→ **To do**: Beneath this instruction is a block of data; output from it exactly the lines that run from the one containing "47FD6E25BBDEEB81BE6312EA772BD8CC" through the one containing "2021 Sterling/Marquis", inclusive.

┄┄┄┄┄┄┄┄┄┄

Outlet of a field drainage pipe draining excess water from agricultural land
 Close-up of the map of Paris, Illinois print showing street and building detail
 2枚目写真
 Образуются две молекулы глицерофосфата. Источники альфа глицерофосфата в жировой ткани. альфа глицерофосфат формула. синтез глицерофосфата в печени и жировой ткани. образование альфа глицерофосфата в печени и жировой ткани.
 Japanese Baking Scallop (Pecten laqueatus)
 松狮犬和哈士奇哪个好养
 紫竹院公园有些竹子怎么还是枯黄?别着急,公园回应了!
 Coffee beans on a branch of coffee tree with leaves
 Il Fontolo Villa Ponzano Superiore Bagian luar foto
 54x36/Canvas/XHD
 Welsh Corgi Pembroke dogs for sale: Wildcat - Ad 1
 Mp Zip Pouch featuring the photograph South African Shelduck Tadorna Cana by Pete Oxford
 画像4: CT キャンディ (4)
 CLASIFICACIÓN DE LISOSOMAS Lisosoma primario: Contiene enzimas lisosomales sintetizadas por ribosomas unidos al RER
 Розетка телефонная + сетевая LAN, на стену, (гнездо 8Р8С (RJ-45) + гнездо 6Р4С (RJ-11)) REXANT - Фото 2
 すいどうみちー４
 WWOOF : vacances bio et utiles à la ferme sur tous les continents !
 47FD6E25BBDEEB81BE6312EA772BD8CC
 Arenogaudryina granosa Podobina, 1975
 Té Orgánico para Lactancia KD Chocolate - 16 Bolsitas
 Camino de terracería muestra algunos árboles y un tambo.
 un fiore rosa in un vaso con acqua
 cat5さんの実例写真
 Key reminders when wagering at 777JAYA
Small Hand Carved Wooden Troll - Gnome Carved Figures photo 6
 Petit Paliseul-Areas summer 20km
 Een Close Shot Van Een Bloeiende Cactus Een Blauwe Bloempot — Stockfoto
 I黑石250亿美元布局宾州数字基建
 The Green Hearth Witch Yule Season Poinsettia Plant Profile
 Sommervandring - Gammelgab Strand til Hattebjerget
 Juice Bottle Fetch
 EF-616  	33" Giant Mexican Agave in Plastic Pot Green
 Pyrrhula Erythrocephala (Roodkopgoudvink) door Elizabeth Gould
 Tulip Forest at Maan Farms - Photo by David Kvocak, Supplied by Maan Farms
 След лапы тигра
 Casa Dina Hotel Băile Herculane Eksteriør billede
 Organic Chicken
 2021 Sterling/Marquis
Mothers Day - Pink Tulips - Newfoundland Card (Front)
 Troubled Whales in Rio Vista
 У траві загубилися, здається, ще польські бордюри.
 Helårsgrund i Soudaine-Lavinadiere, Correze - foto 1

┄┄┄┄┄┄┄┄┄┄

→ **Answer for this exercise**:
 47FD6E25BBDEEB81BE6312EA772BD8CC
 Arenogaudryina granosa Podobina, 1975
 Té Orgánico para Lactancia KD Chocolate - 16 Bolsitas
 Camino de terracería muestra algunos árboles y un tambo.
 un fiore rosa in un vaso con acqua
 cat5さんの実例写真
 Key reminders when wagering at 777JAYA
Small Hand Carved Wooden Troll - Gnome Carved Figures photo 6
 Petit Paliseul-Areas summer 20km
 Een Close Shot Van Een Bloeiende Cactus Een Blauwe Bloempot — Stockfoto
 I黑石250亿美元布局宾州数字基建
 The Green Hearth Witch Yule Season Poinsettia Plant Profile
 Sommervandring - Gammelgab Strand til Hattebjerget
 Juice Bottle Fetch
 EF-616  	33" Giant Mexican Agave in Plastic Pot Green
 Pyrrhula Erythrocephala (Roodkopgoudvink) door Elizabeth Gould
 Tulip Forest at Maan Farms - Photo by David Kvocak, Supplied by Maan Farms
 След лапы тигра
 Casa Dina Hotel Băile Herculane Eksteriør billede
 Organic Chicken
 2021 Sterling/Marquis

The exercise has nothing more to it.